**DATA TO PROCESS**.
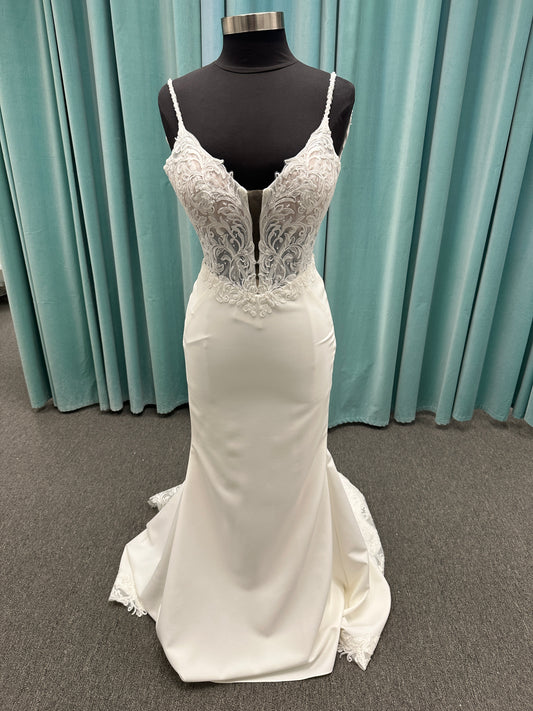 Essense of Australia D4181 column wedding dress with plunging V-neckline, pearl straps, lace bodice, and sleek crepe skirt with lace train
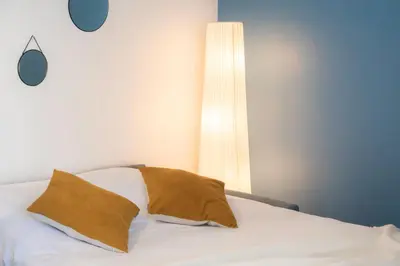 a bedroom with a bed with a pillow and a lamp at Cosy Escape YourHostHelper in Cannes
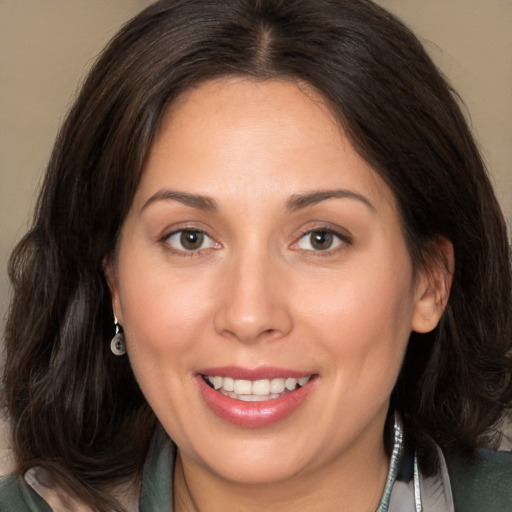 Joyful white adult female with medium  brown hair and brown eyes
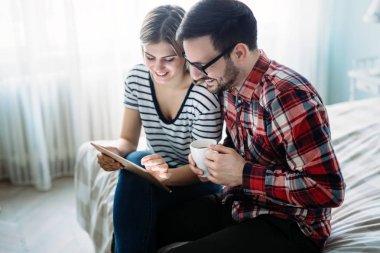 Genç mutlu çift yatak odasında dijital tablet kullanma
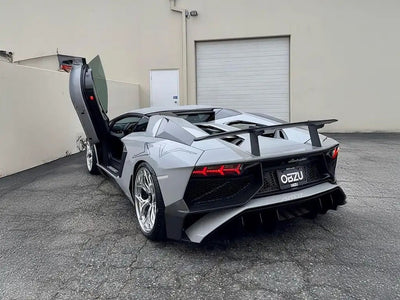Lamborghini Aventador wrapped in Super Gloss Chalk Grey vinyl wrap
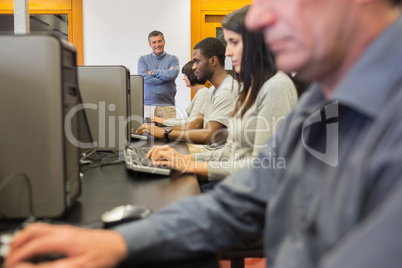 Teacher standing at front of computer class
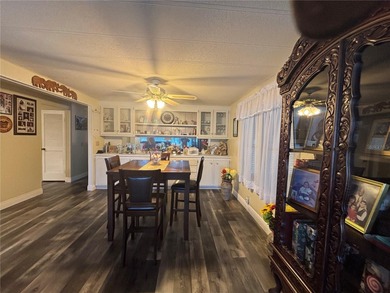 Welcome to a sought-after 55+ golf course community! This on Zellwood Station Country Club in Florida - for sale on GolfHomes.com, golf home, golf lot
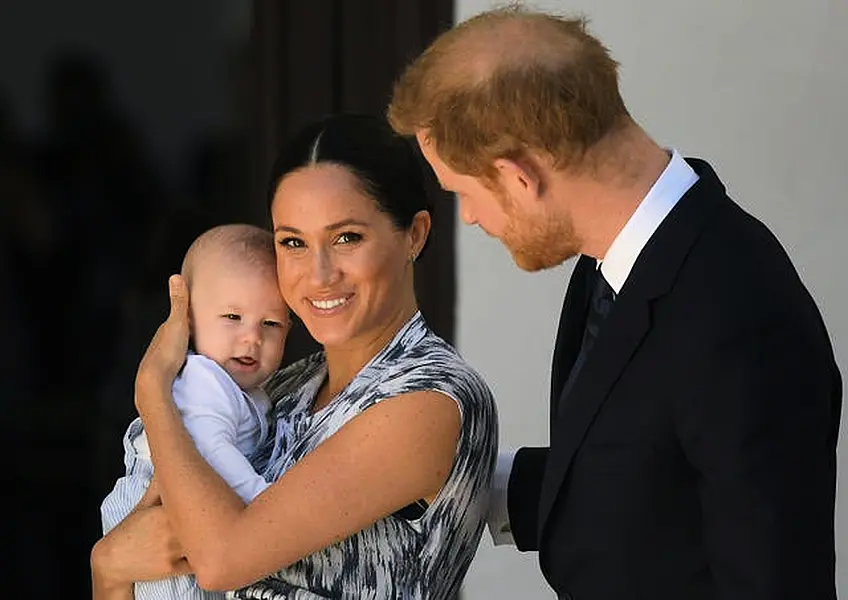 The Duchess of Sussex with her son Archie and husband Harry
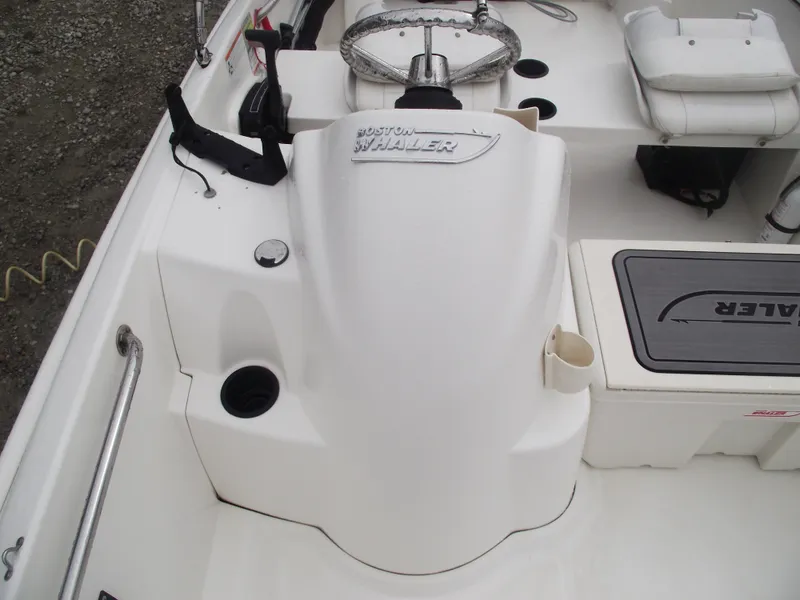 Slide: The Image of 2010 Boston Whaler 150 Super Sport boat interior with steering console and seating. - 9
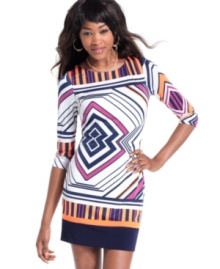 This sheath dress from Baby Phat commands all attention with its colorful geometric print and alluring back cutout.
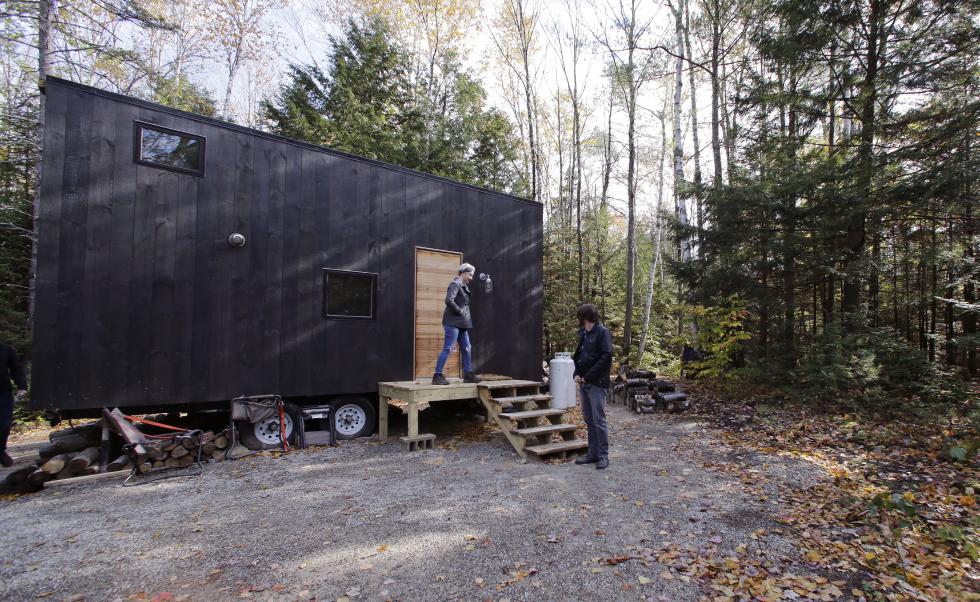 In this Tuesday, Oct. 20, 2015 photo, Hilary Lentz, of Pittsburgh, Pa., and her husband Shane leave the tiny house which they rented for a weekend in Croydon, N.H. As the tiny house phenomenon sweeps the nation, Harvard's Millennial Housing Lab thinks a tryout is in order for people toying with radically downsizing their lives. Its new "Getaway" project gives the curious an opportunity to spend a night or two in one of three tiny houses and get a real feel for the lifestyle before taking the plunge. (AP Photo/Charles Krupa) - Charles Krupa | AP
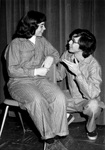 Male and female wear matching striped outfits and talk by George Fox University Archives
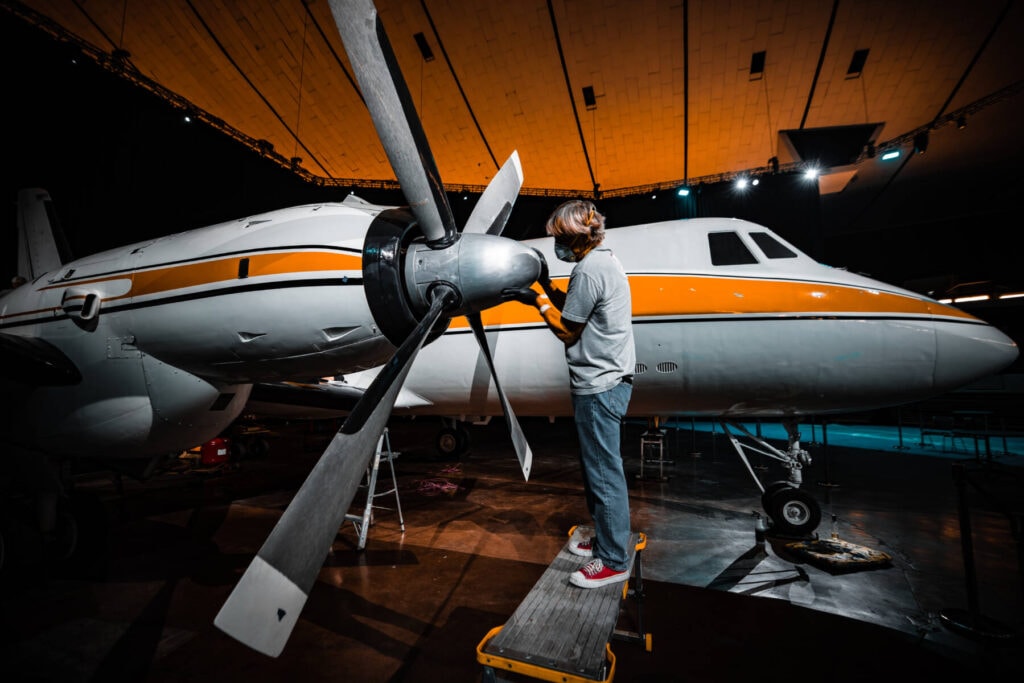 A person standing on a platform performs maintenance on the propeller of a white and yellow aircraft inside a hangar. Representing Team Revivify, they attend to an aircraft with multiple windows and two propellers, illuminated by the hangar's lights.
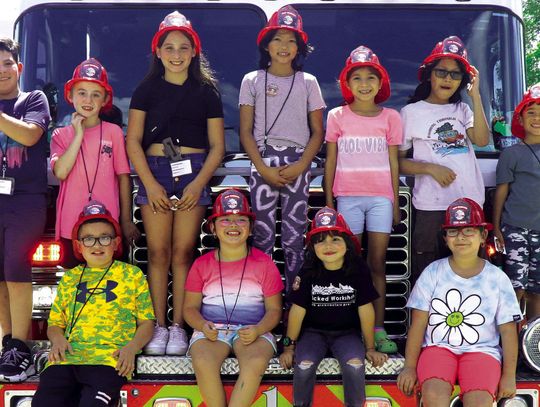 Firefighters visit children at Centro Cultural Hispano de San Marcos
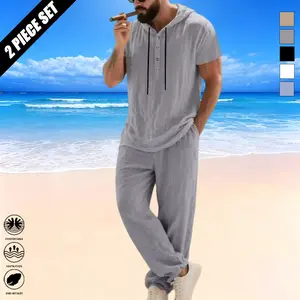 Men’s spring/summer linen casual two-piece set featuring a loose American-style hooded short-sleeve Henley shirt and long pants, suitable for everyday wear and beach outings.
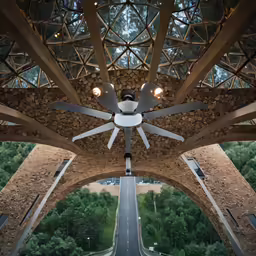 ceiling fan with light bulbs shining on it, at top of a bridge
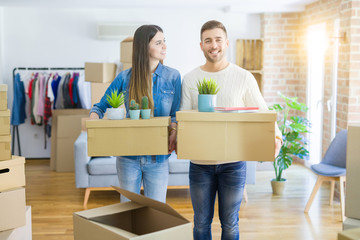 Fototapeta na wymiar Young couple moving to a new home, smiling happy holding cardboard boxes at new apartment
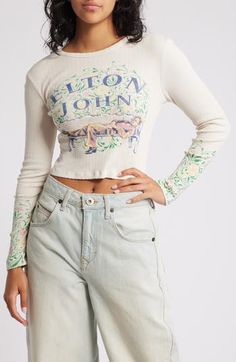 A '70s-era Elton John reclines amidst English garden blooms on this long-sleeve pointelle T-shirt. 17 1/2" length (size Medium) Crewneck Long sleeves 100% cotton Dry clean or hand wash, dry flat Made in the USA Spring Cotton Long Sleeve Top With Graphic Print, Fitted Casual Long Sleeve Top For Spring, Vintage Graphic Print Top For Spring, Spring Vintage Graphic Print Top, Spring Graphic Print Stretch Tops, Graphic Print Stretch Top For Spring, Stretch Graphic Print Tops For Spring, Trendy Long Sleeve Spring Tops, Spring Graphic Print Long Sleeve Crew Neck Top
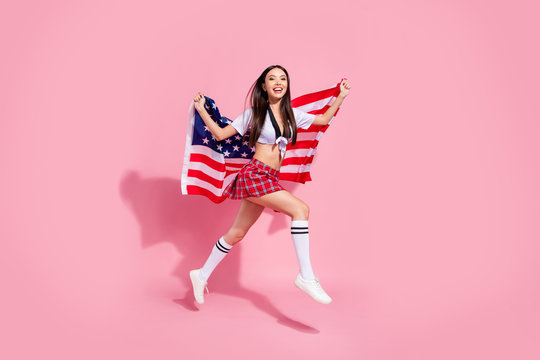 Full photo of pretty lady tradition carry united states flag run champion wear white top short plaid skirt isolated pink background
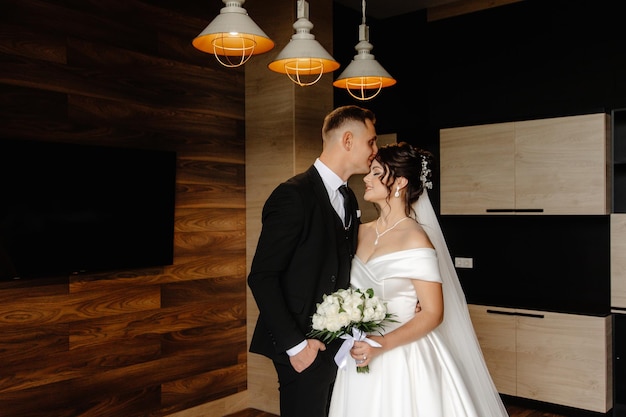 a bride and groom kiss in a room with lights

**ASSIGNMENT**. Beginning with the line that contains "Full photo of", repeat every remaining line of the data exactly, the last line included, and omit pictures.

**WRITTEN ANSWER**.
 Full photo of pretty lady tradition carry united states flag run champion wear white top short plaid skirt isolated pink background
 a bride and groom kiss in a room with lights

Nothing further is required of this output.